Parahnya lagi, kata mereka, Pergub ini hanya berlaku satu tahun (diktum ketujuh) dan hanya menghentikan sementara pemberian IUP.

“Artinya yang dimoratorium itu hanya sebatas penghentian kegiatan pertambangan yang ada dan izin tambang baru sembari melakukan evaluasi izin tambang eksisting yang semuanya berpotensi tetap beroperasi selama dinyatakan layak secara administratif,” kata mereka.

Mereka menyatakan, tidak ada satu pun diktum dalam Pergub ini yang mencerminkan keseriusan Viktor dan Yosef untuk menghentikan pertambangan di NTT sebagaimana digembar-gemborkan pada saat kampanye dan pidato perdana waktu pelantikan.

Dalam masa-masa kampanye pemilihan Gubernur dan Wakil Gubernur NTT, Viktor dan Yosef yang dilantik pada September lalu memang berulangkali garang bicara di depan publik untuk melakukan moratorium pertambangan.

“Tambang bukan pilihan yang baik untuk tingkatkan ekonomi rakyat NTT,” demikian kata  Laiskodat pada 10 September 2018. “Tambang, seluruhnya kami moratorium,” lanjutnya.

Viktor mengatakan, NTT merupakan daerah dengan kekayaan alam yang indah dan karena itu tidak mau aktivitas pertambangan merusak keindahan tersebut. “Itu tempat orang kecil namun indah.
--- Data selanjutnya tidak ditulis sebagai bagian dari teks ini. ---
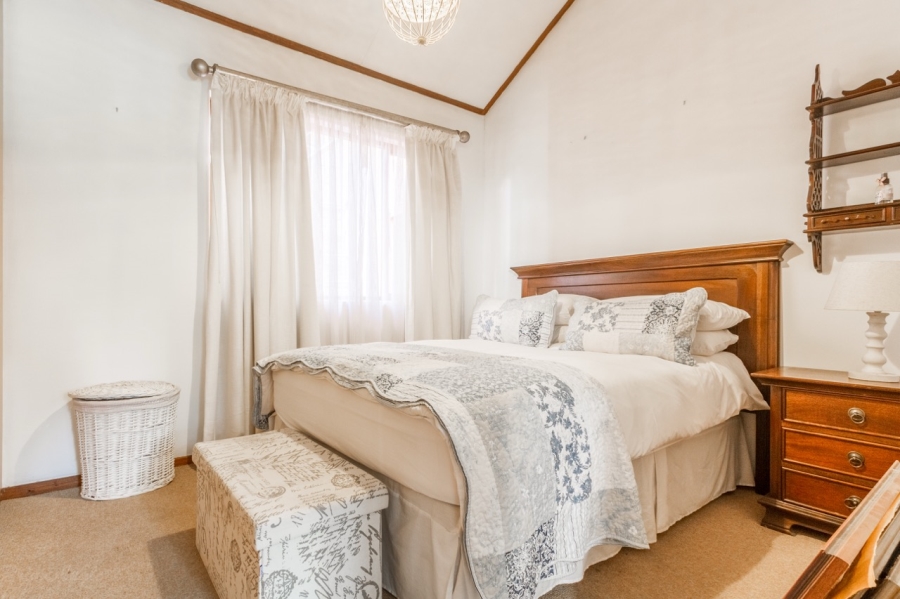 4 Bedroom Property for Sale in Wapadrand Gauteng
Jadi,  orang kecil dan indah itu, tidak boleh dan tidak bisa diganggu,” ujar Viktor.

BACA: Usai Dilantik, Laiskodat Janji Moratorium Semua Izin Tambang

Sementara Yosef, saat kunjungan pribadi kepada Uskup Maumere, Mgr. Gerufus Kherubim Parera SVD menyatakan, “Izin yang sudah ada dan masih berlaku akan kami cabut. Izin yang sementara proses akan dihentikan”.

Para aktivis menilai, moratorium tambang harus berbasis pada fakta empiris, soal sumber penghidupan mayoritas masyarakat yang bergantung pada sektor pertanian dan peternakan, mengingat kehadiran tambang di NTT sudah menimbulkan kerusakan yang amat parah-tak terpulihkan.

Mereka menyebut hal itu sudah terjadi di Serise, Tumbak, Satarteu, Lengkololok di Manggarai Timur; Robek, Maki, dan Timbang di Manggarai; Desa Ekin, Kecamatan Lamaknen Selatan di Belu; Oenbit dan Biboki di Timor Tengah Utara, Supul dan Mollo di Timor Tengah Selatan; dan Wanggameti di Sumba Timur; Prai Karoku Jangga di Sumba Tengah.

“Kehadiran tambang di wilayah-wilayah ini sudah dan sedang merampas tanah-tanah warga, merusak dan mencemari sumber air, merusak hutan dan situs-situs adat, mencemari laut, konflik sosial, intimidasi dan kriminalisasi yang berujung di penjara,” kata mereka.

Selain itu, moratorium mestinya juga dikuti langkah penegakan hukum yang tegas dan transpran, tidak sebatas soal administratif, mengingat keberadaan dan aktivitas pertambangan di NTT penuh dengan praktik transaksional di ruang gelap, tanpa pantauan publik. Bahkan tak jarang, aparat penegak hukum diduga kuat turut melindungi keberadaan aktivitas perusahaan tambang.

“Moratorium tambang di NTT juga harus diikuti langkah pemulihan sosial dan ekologi, sebab aktivitas pertambangan telah menimbulkan kerusakan yang dasyat bagi ruang hidup juga konflik sesama warga hingga saat ini,” tegas mereka.

“Karena itu, tambang di NTT tak sekadar dimoratorium, tetapi harus dicabut permanen.”